Author: Vergennes, Charles Gravier, Comte de
Recipient: Adams, John
Date: 1780-03-30

Enclosure: A Draft of an Article: A Translation

Mr. Adams, whom the Congress of the United States of America has appointed to participate in the peace conferences whenever they may occur, arrived here sometime ago and has had the honor of being presented to the King and the royal family.1
1. This notice, which appeared virtually without change in the 8 April issue of Mercure de France, “Journal Politique de Bruxelles” (p. 88), was the second of two very different versions considered for publication. The first, in the form of a canceled draft, reads “Le S. Adams a été présenté au Roi le [] de ce mois. Le Congrés l'avois nommé eventuellement, Plenipotentiaire pour prendre part aux négociation de paix qui parois• { 99 } soiens devoir s'ouvir sous la mediation de Sa Majesté Catholique, et il a fixé son séjour à Paris en attendant que la circonstance le mettens en mesure de [] faire usage de se plenipouvoir” (Arch. Aff. Etr., Paris, Corr. Pol., E.-U., vol. 11). Translation: Mr. Adams has been presented to the King the[] of this month. The Congress has named him eventual plenipotentiary to take part in the peace negotiation which will take place under the mediation of His Catholic Majesty [the King of Spain], and he has established himself at Paris in the expectation that circumstances will permit him to make use of his full powers.
The first draft is worded very curiously.
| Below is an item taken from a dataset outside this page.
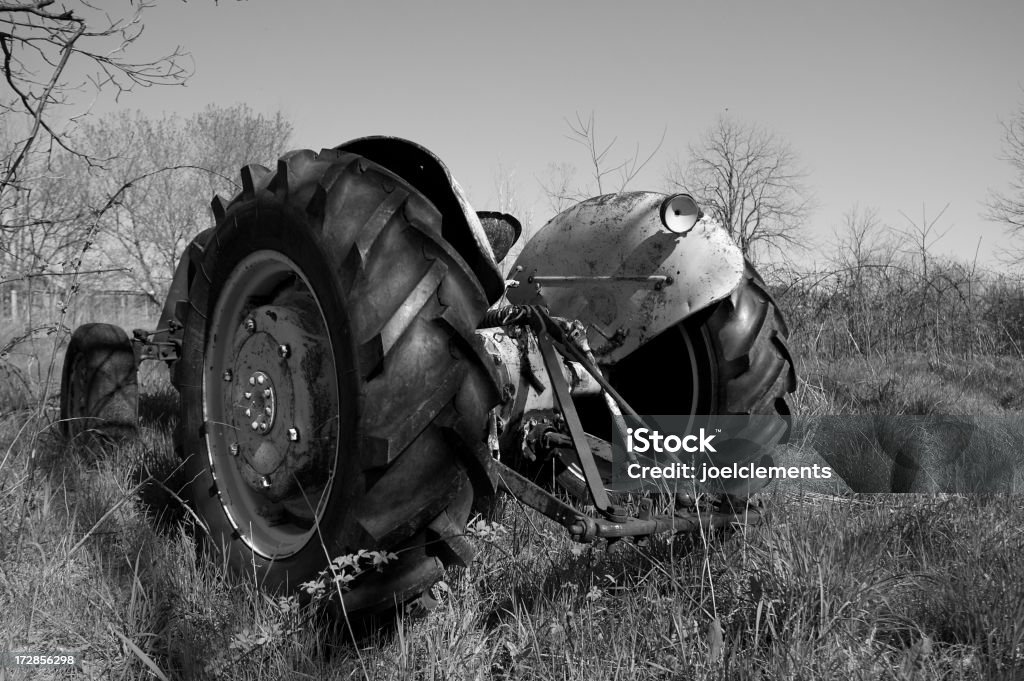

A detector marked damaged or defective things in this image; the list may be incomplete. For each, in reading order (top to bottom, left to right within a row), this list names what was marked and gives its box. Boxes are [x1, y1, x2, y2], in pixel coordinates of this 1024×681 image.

rusty tractor body [61, 135, 798, 614]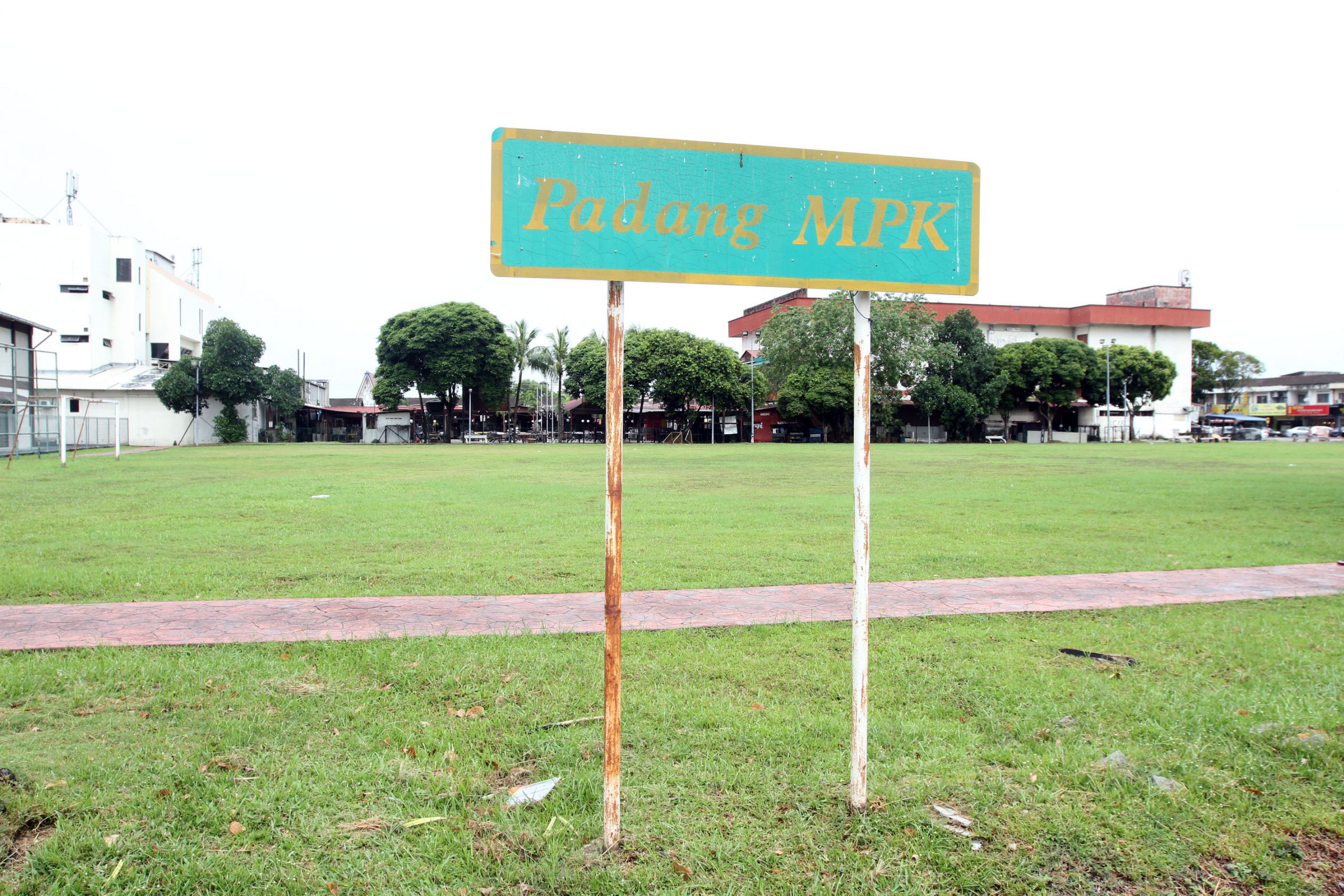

JA 's powers were eventual only in the sense that they became operative when and if Great Britain agreed to negotiate a peace treaty with the United States and to recognize it as sovereign and independent in advance of negotiations. The beginning of negotiations under the mediation of the King of Spain had no bearing on JA 's powers, for they did not contemplate or permit his participation in a mediation by Spain or any other power.
By 30 March, Vergennes knew the full extent of JA 's powers. Conrad Alexandre Gérard had included JA 's instructions in a letter of 14 Aug. 1779, that Vergennes had received on 6 Nov. (Gérard, Despatches and Instructions , p. 846–850).

Docno: ADMS-06-09-02-0071

Author: Adams, John
Recipient: Vergennes, Charles Gravier, Comte de
Date: 1780-03-30

To the Comte de Vergennes

[salute] Sir

I have the honour of your Excellency's letter of this day, in answer to mine of the 21st. of this month. Untill the receipt of it, I had taken it for granted that the presentation of every Ambassador was regularly inserted in the Gazette of France; and untill very lately, several days since the date of my letter to your Excellency of the 21st. of this month, I had supposed that the presentations of Ministers Plenipotentiary were constantly inserted likewise. The information that your Excellency has given me, that the presentations neither of Ambassadors nor Ministers Plenipotentiary have ever been inserted, has perfectly satisfied me, and I doubt not will equally satisfy my Countrymen who have heretofore been under the same mistake with myself. I approve very much your Excellency's proposition of inserting my presentation, in the Mercury of France, and I shall take measures to have it repeated in the foreign gazettes.1 I have the honour to be with the most entire consideration your Excellency's most obedient and most humble Servant,
[signed] John Adams
RC in Francis Dana's hand (Arch. Aff. Etr., Paris, Corr. Pol., E.-U., vol. 11;) endorsed: “30 Mars Article a ete envoyé au Mercure.” LbC (Adams Papers;) notation by John Thaxter: “N.B. all the past Letters have been sent to Congress.” That is, all of the letters exchanged with Vergennes since JA arrived at Paris.
1. Although JA states that he is satisfied with the announcement to be inserted in the Mercure de France, his letters of 2 April to Jeremiah Allen, John Bondfield (first letter), Edmund Jenings (and note 1), and William Lee (all below) indicate that he did not believe the announcement in the Mercure to be explicit enough concerning his powers to negotiate. For the clearest indication of JA 's rejection of the Mercure piece as a guide for announcements in “foreign gazettes,” see his letter to Jenings of 2 April (and note 1, be• { 100 } low), which formed the basis for the announcements that appeared in various London newspapers during the second week of April.